As they usually are, twenty-seven was a roller coaster of a year, but I’m not sure if I liked it. There were blessings to be counted, and I want to be on the good feelings corner. But I’m not.
Ever since I was eighteen, birthdays have been an emotional mess. I’m usually not sure whether I want to be around company, or wanting to head over towards Antarctica so that nobody can reach me. Crazy, isn’t it? This birthday is one of those. Even though twenty-eight is still young, I can’t help but feel pressure on having made something of myself, in some kind of (I’d hate to admit it but) prestigious manner. Instead, it’s been a humbling year, of decisions that seem to have no discernable direction for now. I feel lost, and question whether I’ve made the most out of my opportunities, or whether someone else would’ve been better off having my life. Even though I managed to finish the 12 week bikini body workout within this year, I didn’t commit to the eating aspect of it, and managed to make my way back to the starting weight. One of my pants have ripped, which was sadly amusing. I haven’t learned German, or Mandarin, or Spanish, or Japanese… No new language. I’ve gained some skills, from new work experiences, but I don’t know where it’s headed. I haven’t been as dedicated to God as I hoped to be, not engraving His Words on my heart despite BSF etc. I’ve met new people, yet I feel alone. To a small extent, it grates on me that during my early twenties I thought that maybe… maybe I would’ve met someone by now who could be a potential partner in life. It doesn’t bother me much yet, but that kettle is hissing from the back burner.

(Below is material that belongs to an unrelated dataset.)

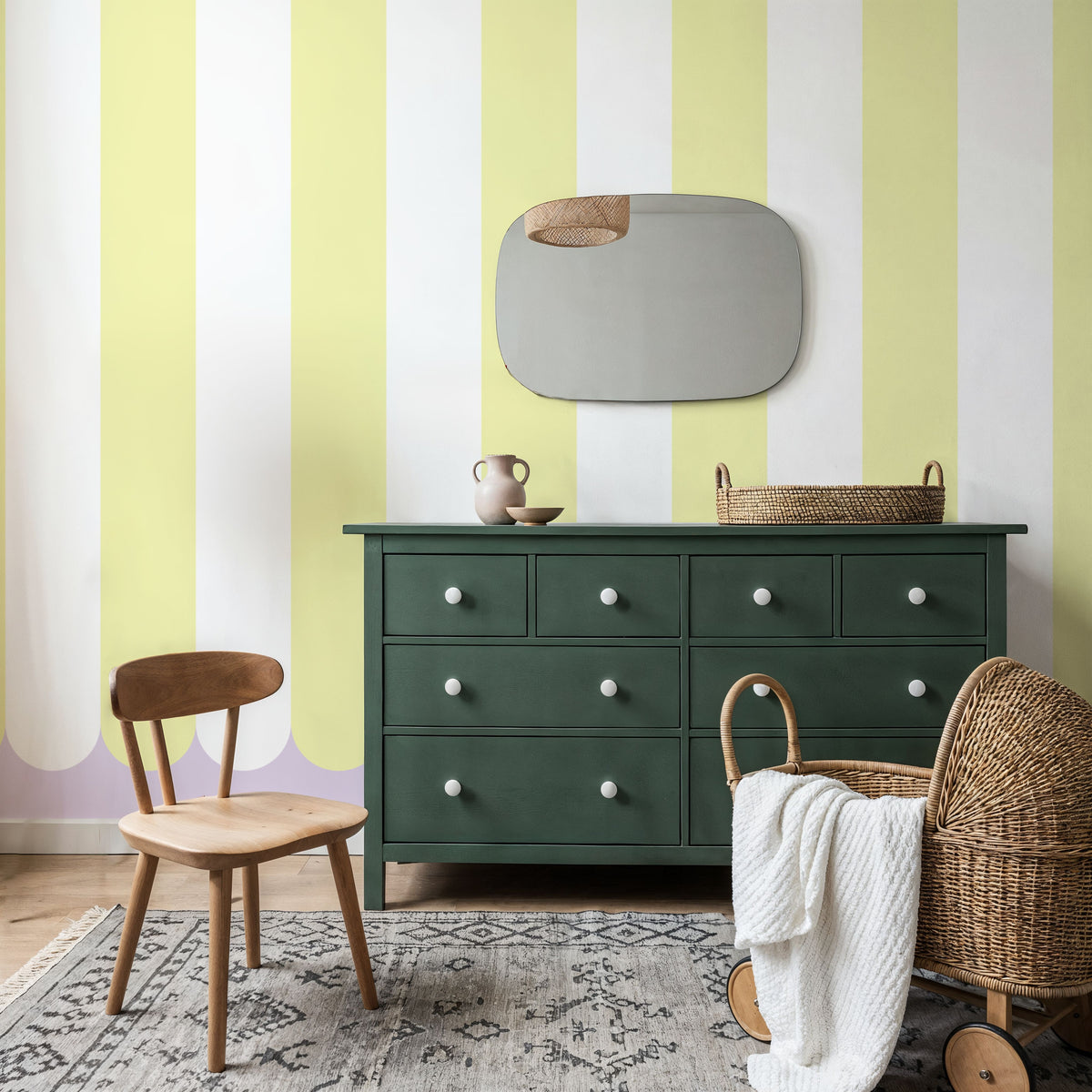Scalloped Circus Stripes, Yellow Mural Wallpaper - room preview 05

All in all, I feel a combination of aimlessness, failure, unattractiveness, and fatness. It seems like a useless life. This is a lot of sad bickering, but… I feel like crap, and it just needs to play itself out for a bit.
I don’t know where twenty-eight is headed, and it scares me. It feels too late to be ‘starting out’ again, to aim to take care of my body (I still really want nice arms and abs, but I need to put in the work for it if I really want it), and to develop rare and valuable skills… I miss being twenty-five. It’s just as tiring to say that I’ll make it a good year, as it is to try to change my perspective on the present (because maybe they’re not as bad as I’m making it out to be.) But this is where I am. Eventually, we’ll figure it out. Hopefully, soon.